If the world is making a list of New Year’s resolutions, I have a suggestion: Invest in infrastructure.

We’ve all heard about the infrastructure gap, the difference between the amount we need to invest and the amount we actually spend.

It’s been with us for years, even when governments know that spending on infrastructure creates jobs in the short-term and boosts productivity in the long-term. That’s well known to policy-makers, but the talk about it rarely gets translated into action, in spite of record-low interest rates that make borrowing to build infrastructure more attractive.

I ran across a recent essay by Dominic Barton who is the global managing director of McKinsey & Company, the worldwide and widely respected management consulting firm.

In his essay he notes that many countries have been underinvesting in infrastructure for decades.

That creates everyday inconveniences, he says, but worse, it creates roadblocks to economic growth.

To bridge the infrastructure gap, he writes, "the world needs to increase investment in transportation, power, water and telecom systems from US$2.5 trillion a year to US$3.3 trillion every year through 2030."

That’s just to support projected economic growth.

In the face of that, he writes, "infrastructure investment has actually declined in 11 of the G20 economies since the 2008 financial crisis."

He cites "conventional wisdom" that fiscal concerns make it impossible to spend the needed money. He maintains, however, that there is "substantial scope" to increase public infrastructure investments.

In some cases, he says, funding can be found without raising taxes. Governments can create revenue streams by instituting user charges or "capturing" increases in property values. Existing assets can be sold and the proceeds invested. Public accounting standards could also allow the owners of infrastructure to depreciate their cost over the asset’s lifecycle, rather than immediately adding the cost to fiscal deficits during construction.

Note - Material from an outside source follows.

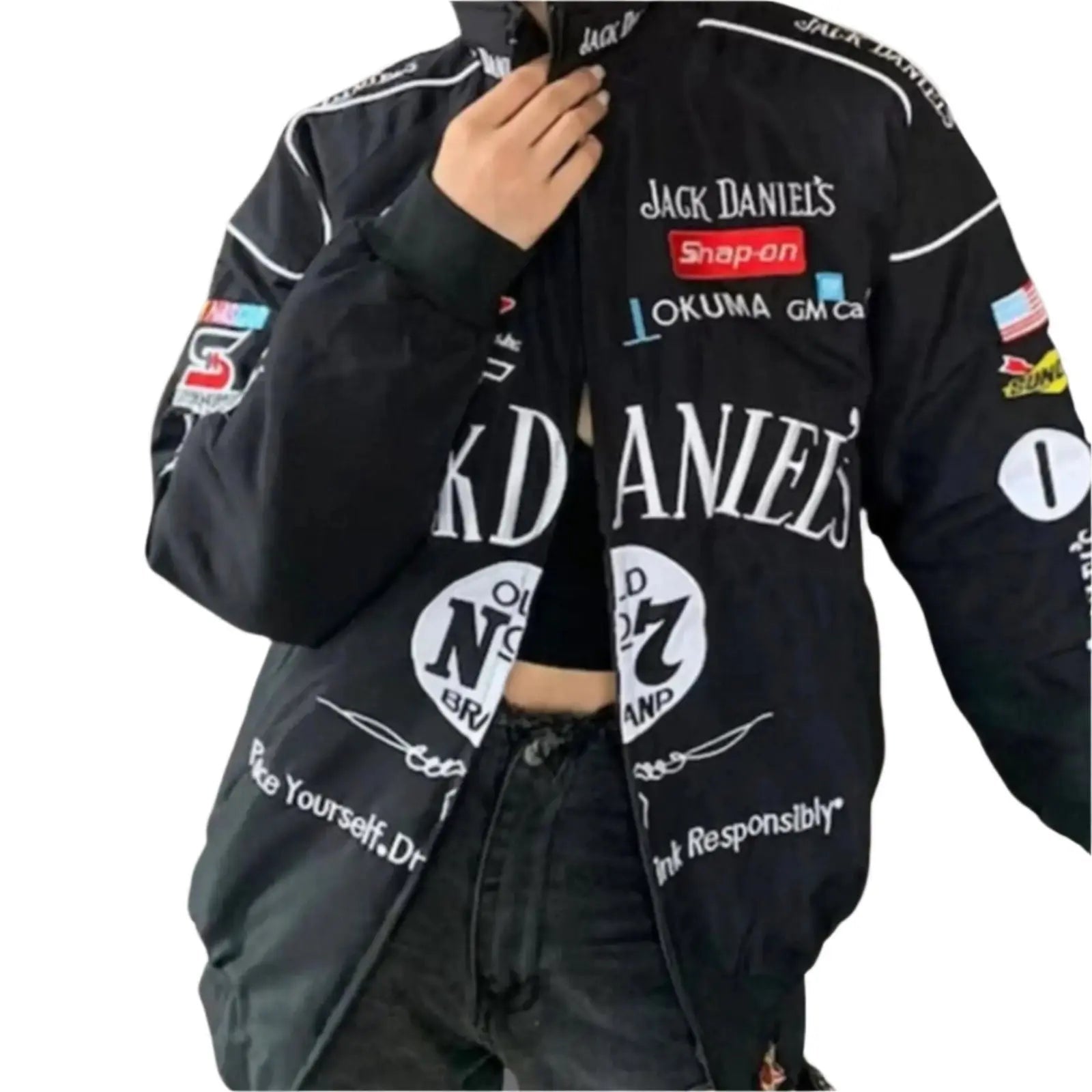 Jack Daniel's Vintage Jacket | Classic Whiskey Brand Apparel image 3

Governments should also do more to encourage private investment. That should start by providing regulatory certainty and allowing investors to take returns that reflect the risks they’ve taken.

Regulatory groundwork needs to be developed "to enable funding to flow more smoothly from institutional investors in advanced economies, to projects in the emerging world where huge populations still need access to essential infrastructure services."

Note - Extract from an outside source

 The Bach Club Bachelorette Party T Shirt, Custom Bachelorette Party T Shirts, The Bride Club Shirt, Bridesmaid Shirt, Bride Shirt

But Barton understands why taxpayers are reluctant to see their governments invest in big projects.

"Delays stretching into years, and cost overruns soaring into the billions of dollars are a sadly familiar story in public works," he writes. "And when bridges turn into boondoggles, the public grows more reluctant to invest."

The infrastructure sector as a whole needs a major push to modernize, adopt new technologies and standardize. Governments need to "transform the institutions and processes under their direct control."

Barton says that McKinsey’s work with governments all over the world "has demonstrated that stronger governance and oversight of infrastructure projects can lower infrastructure costs by as much as 40 per cent."

There has to be a tightening up in all aspects of a project, in environmental reviews, in approvals, in land acquisition, in everything.

Paying close attention to best practices is essential, he says. That could unlock huge value. As things stand, price tags for similar projects can vary by 50 to 100 per cent from country to country.

"Kicking the can down the road" is not a viable strategy for dealing with infrastructure needs, he writes. The tools exist to do the necessary work efficiently. But Barton pays scant attention to politics. It’s a blood sport in many places and the winner gets a reward.

I grew up in Canada’s Prairie west, at a time when paved roads were the popular currency. Electing a reeve from the north end of a municipality meant the north end got at least one paved road. The one that ended at the reeve’s farm gate.